Saya selalu yakin bahwa setiap manusia memiliki kelemahan dan kelebihan masing-masing. Tidak ada manusia yang sempurna. Begitulah, walau saya diffable (cacat) tapi saya memiliki kemudahan dalam menuntut ilmu, sederetan prestasi akademik menghiasi lembaran biodataku. Selalu menjadi bintang kelas, mendapat IPK memuaskan, Juara olimpiade Kimia sepropinsi, juara lomba Biologi, Juara Science Engeenering Competition IPB, dan masih banyak lagi tentunya.

Karena dinilai sebagai anak yang cerdas, maka sebagian besar teman-teman dan keluarga mendorongku untuk melanjutkan kuliah lagi, agar bisa menjadi dosen dan ahli di bidang pangan. Untuk mewujudkan mimpi itu, sejak kuliah saya sudah aktif mencari beasiswa S2 di dalam maupun di luar negeri. Tercatat beberapa kali saya datang ke rektorat untuk mencari informasi beasiswa.

Image

Koleksi Pribadi

Yakinlah tidak ada usaha yang sia-sia. Dari beberapa kali berkunjung ke rektorat, saya mendapatkan informasi ada seminar beasiswa dari King Abdullah University Science and Technology (KAUST), saya ikut hadir di acara itu dan tertarik. Saya bersemangat melengkapi semua persyaratan, Essay, rekomendasi dari dosen (waktu itu saya mendapatkan rekomendasi dari Prof. Dedi Fardiaz, mantan kepala BPOM), dan sebagainya. Semua berkas saya kirim ke USA.

Beberapa bulan kemudian, pemberitahuan dari KAUST yang saya nantikan datang di email, saya lolos!! Nah untuk melengkapi persyaratan, saya diminta melakukan tes TOEFL IBT. TOEFL ini, kata kakak kelas yang sudah lolos hanya sebagai formalitas, hanya untuk mengetahui kemampuan bahasa inggris saya saja, kalaupun nanti tidak mencukupi, saya akan dikirim ke United Kingdom (UK) atau USA untuk memperbaiki bahasa inggris disana. Saya senang sekali waktu itu.

Malangnya, ketika saya mengambil uang di ATM untuk biaya pendaftaran TOEFL itu, dompet saya malah tertinggal dan hilang. Pendaftaran tes TOEFL IBT harus menggunakan identitas resmi seperti KTP, SIM, atau Pasport, semua hilang bersama dompet. Akibatnya saya tidak bisa mengikuti tes.

Saya menceritakan semua kejadian itu ke KAUST, mereka memberi konpensasi waktu satu bulan, saya harus mengurus KTP baru dan tes TOEFL. Saya membuat KTP baru di Bengkulu. Keluarga saya yang mengurusnya. Entahlah apa sebabnya KTP itu lama sekali jadinya, melebihi batas waktu dari KAUST. Akhirnya KAUST mengirimi saya email lagi dan memberitahu bahwa proses tidak bisa dilanjutkan. Oh birokrasi negeriku….

Saya melupakan KAUST dan melanjutkan kuliah. Melakukan penelitian tentang minyak kelapa sawit, membuat minyak kelapa sawit merah yang kaya beta karoten.
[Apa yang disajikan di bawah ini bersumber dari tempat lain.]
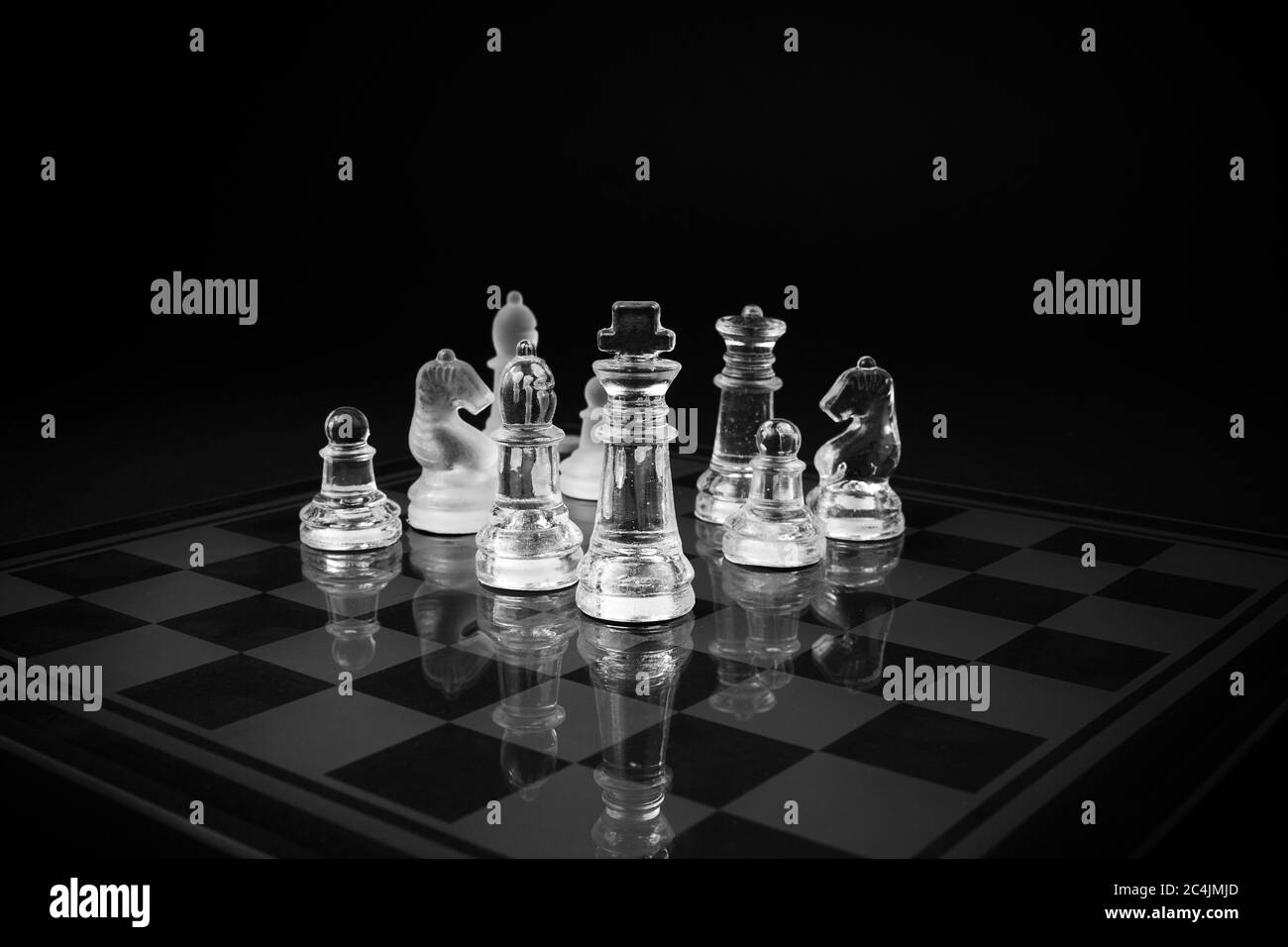 Black Classic Elegant International Chess Day Instagram Post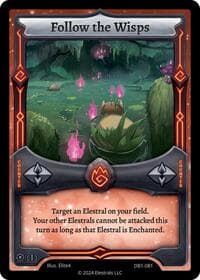 Follow the Wisps - Daybreak [First Edition] - Elestrals card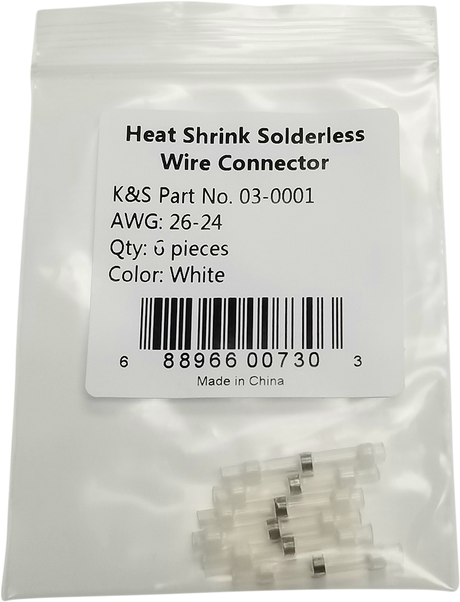 Wire Connector - AWG 26-24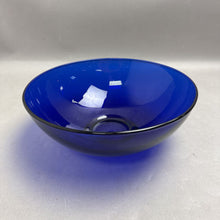 Load image into Gallery viewer, Cobalt Blue Bowl (4x9)
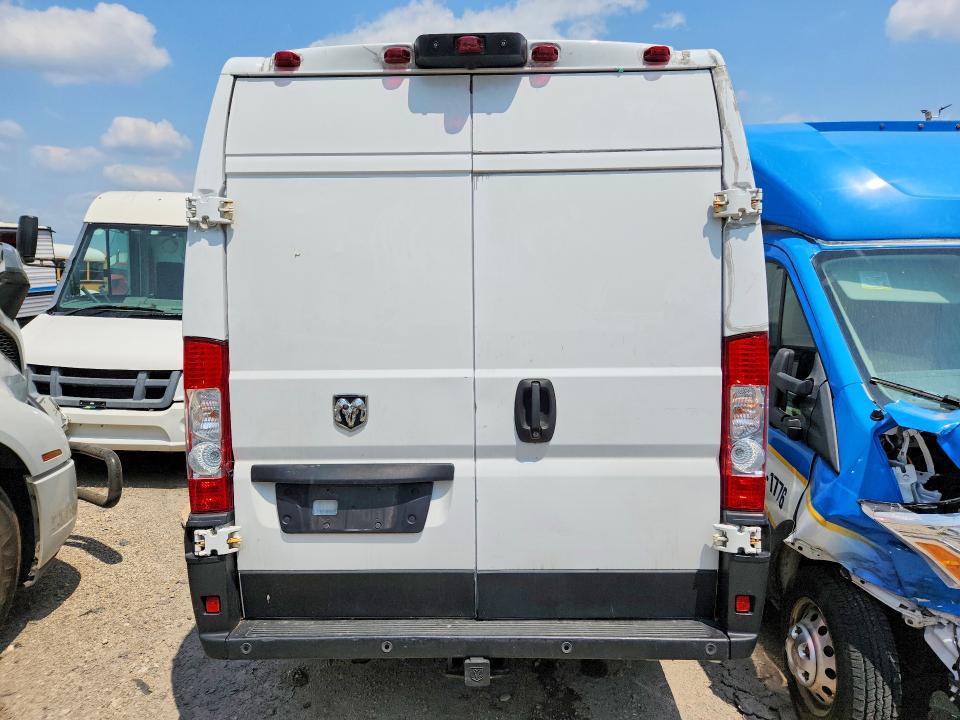 62170606 :رقم المزاد ، 3C6URVJG3LE121205 vin ، 2020 Ram Promaster 3500 مزاد بيع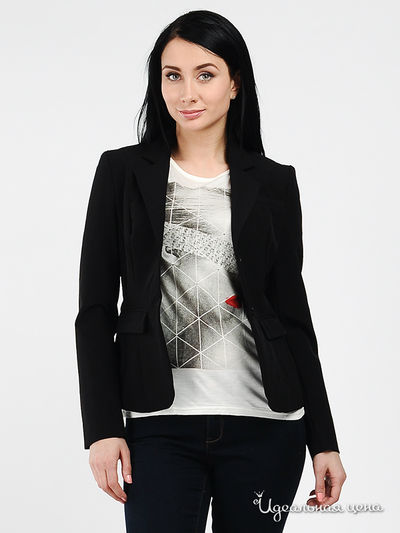 Жакет Silvian Heach, цвет цвет черный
Jadilah ketika itu saya satu-satu orang yang bisa memproduksi minyak merah di IPB. Saya lulus tepat waktu dengan nilai sangat memuaskan.

Image

Koleksi Pribadi

Keinginan untuk kuliah kembali bangkit, saya mencari informasi ke Prof Dedi Fardiaz, dan dosen yang lain. Sekitar awal tahun 2011 saya ditawari S2 ke Universiti Sains Malaysia (USM), program penelitian. Saya hanya melakukan penelitian dan beberapa kali seminar, gelar Master bisa diperoleh. Semua persyaratan saya lengkapi.

Keputusan dari USM cukup lama datangnya, saya was-was. Makanya saya mencoba ikut program SGI Dompet Dhuafa, menjadi guru model di daerah marginal Indonesia, dan lolos. Saya sempat bingung ketika itu, namun dengan beberapa pertimbangan akhirnya saya menandatangani kontrak di SGI hingga Maret 2013. Toh panggilan dari USM tak kunjung datang.
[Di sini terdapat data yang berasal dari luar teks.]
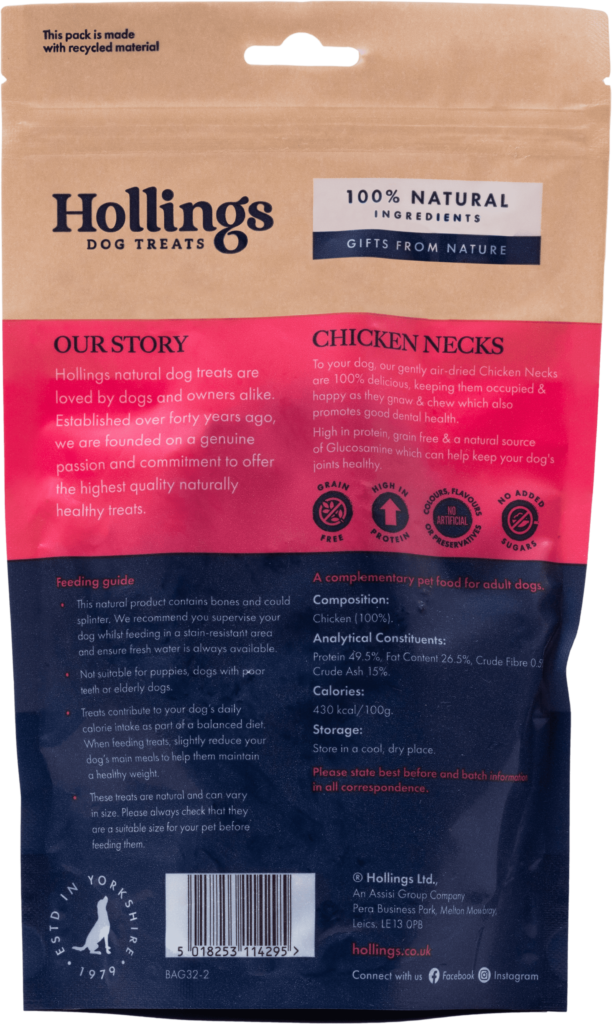 Chicken necks 120g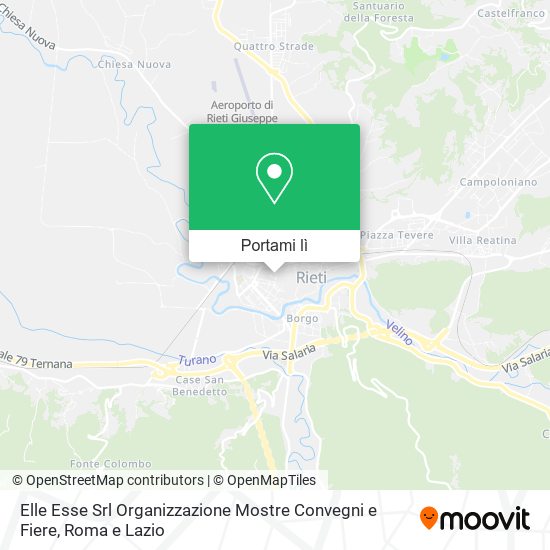 Mappa Elle Esse Srl Organizzazione Mostre Convegni e Fiere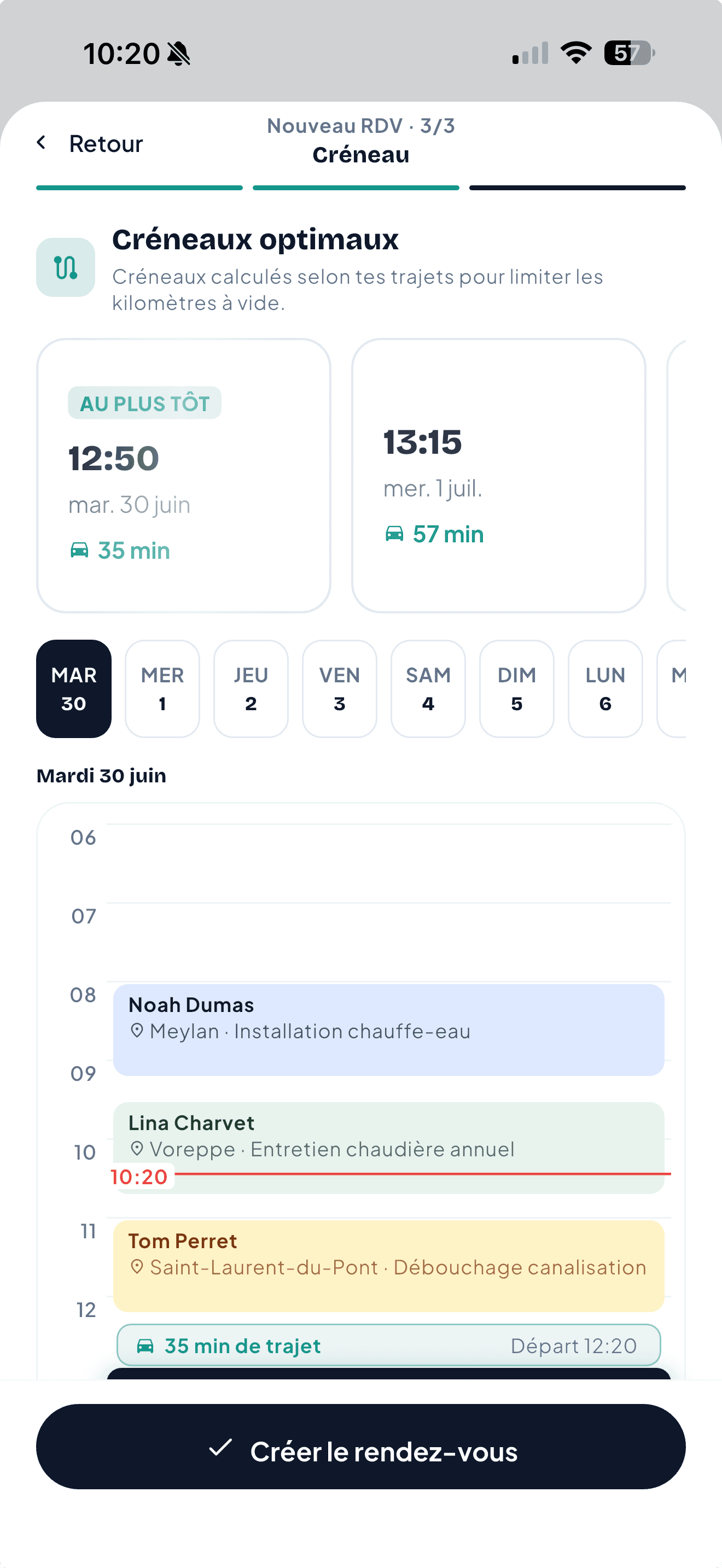 Application iciArtisan Pro — missions entre artisans et suivi terrain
Malang, baru satu bulan di SGI, surat panggilan dari USM tiba dan saya tidak bisa berbuat apa-apa. Dua kesempatan emas untuk melanjutkan kuliah gratis melayang saat sepertinya sudah berada di depan mata. Ah sudahlah, memang belum rejekiku.

Kini keinginan untuk melanjutkan kuliah masih menggebu di dada, dan semoga setelah menyelesaikan amanah dari SGI Dompet Dhuafa, saya bisa mewujudkannya.